The market intelligence provider commented, “Cooling within the data center is a fundamental function of the smooth and efficient operation, however the cooling equipment is a major share of the cost within the capex outlay. [Chart provided by BSRIA appears below.] A combination of energy efficiency measures and rising energy costs have resulted in companies searching for ways to lowering their Power Usage Effectiveness [PUE] and operating costs. It is especially crucial for the colocation data centers. In particular, Big Data companies have been criticized for their inefficiency, which is seeing their adoption of newer technologies.”
The data center cooling market “is undergoing some dramatic changes and opened opportunities for a range of technologies,” BSRIA added, pointing out recent changes to ASHRAE’s recently updated recommendations for temperature and humidity levels in data centers. In light of those more-widely opened opportunities, BSRIA sizes up the following precision cooling technologies in its study.
Traditional close control (computer room air conditioning [CRAC] and computer room air handling [CRAH]) “is still fit for purpose in many countries,” BSRIA says. “However, it is gradually losing its share to newer technologies, especially evaporative cooling.”

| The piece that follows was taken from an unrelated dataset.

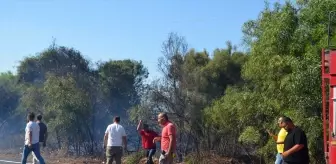 Antalya'da Çalılık Alanda Yangın Kontrol Altına Alındı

Evaporative cooling “capitalizes on the feature of water as a natural coolant when warm and dry air is being humidified, allowing for significant savings in operating costs. Evaporative cooling can either utilize the pressurized or compressed water mist (evaporative system) or wetted pads media (adiabatic system). It is also divided into direct (direct external air allowed into the data hall) and indirect (in which external air does not mix with the internal air within the data hall).” An indirect evaporative cooling system, recently introduced by Nortek Air Solutions, is shown at the bottom of this page.

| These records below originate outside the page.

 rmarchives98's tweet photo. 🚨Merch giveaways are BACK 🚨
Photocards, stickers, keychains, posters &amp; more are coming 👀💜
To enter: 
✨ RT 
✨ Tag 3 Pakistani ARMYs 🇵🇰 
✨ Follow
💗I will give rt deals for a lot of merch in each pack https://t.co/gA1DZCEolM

Worldwide market intelligence manager for BSRIA’s IT Cable Group, Lone Hansen, commented, “One major downside with evaporative systems is that they consume water—which can itself be an issue if supplies are scarce—and the evaporative process can cause scaling of pipework and heat exchangers in high-pressure systems. The products are more suitable for new-build projects due to the space and height requirements, as they are mostly large units. The use of water also raises the issue of legionella, which needs to be given consideration in the design and operation of a facility.”
Close-coupled data center cooling solutions “embrace a range of products, located close to the heat source: in-row, rack, rear-door heat exchangers and overhead terminal units,” BSRIA notes. “These are intended to be more expensive and more suitable at higher-density racks.”

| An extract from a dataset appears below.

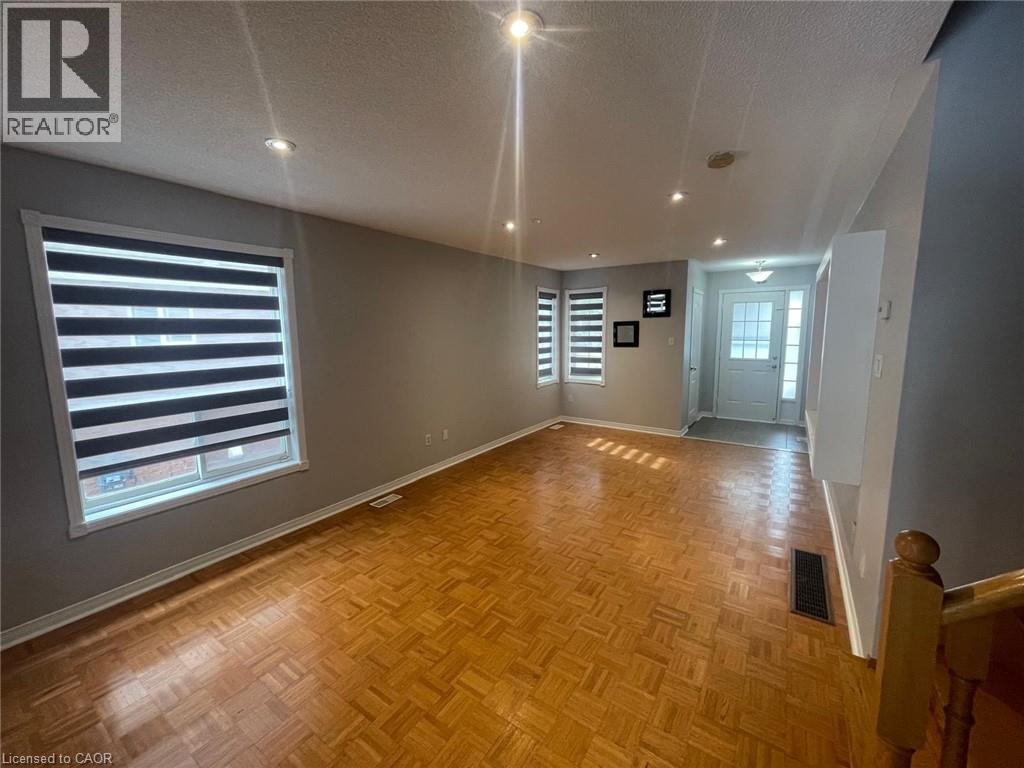 Photo 3 of 63 Heartleaf Crescent, Brampton ON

Liquid (direct on-chip or immersion) cooling “is taking the water or other source of heat rejection (such as Novec 1230) directly to the server,” BSRIA explains. “Depending on application and the technology chosen, the server equipment can be completely submersed into the coolant. However, there is still a certain stigma around liquids being at the heart of the IT equipment and it still remains a rather niche product, used only to deal with extremely high densities in the high-performance computing segment of > 35kW per rack.”
BSRIA’s study looks at cooling-technology consumption trends in the U.S. and the U.K. Both regions “are major data center users sharing a similar profile for the choice of cooling technology used, however it is believed that as more applications move to off-site data centers, operators will increasingly be looking for locations in low-cost countries, this will drive the use of different technology used in these newer applications,” it says. “The U.S. accounts for approximately 40 percent of the worldwide precision cooling market. It is the market with the largest share of evaporative cooling, representing 26 percent of the total market.
“U.K. had traditionally been a big data center market, being Europe’s main banking and financial center. However, recently there has been a move to the cloud and IT companies that are now at the forefront of the data center investment in the U.K.”
Quoting a claim that “more data has been captured in the last 12 months than the previous 5,000 years,” BSRIA notes that Big Data companies and cloud providers are driving the most significant changes in the data center cooling realm. “The strategies they are employing for identifying the appropriate locations for their next data centers are not only defined by the cost-saving strategies to capitalize on favorable tax regime, but also colder climate—allowing them to maximize the use of free cooling.
“Within EMEA the popular destinations for Big Data companies have been extended beyond Ireland to the Nordics [Netherlands, Sweden, Finland], thus creating new data center ‘hot spots’ within EMEA. Big Data companies choose a variety of technologies to cool their data centers in a most-energy-effective way.”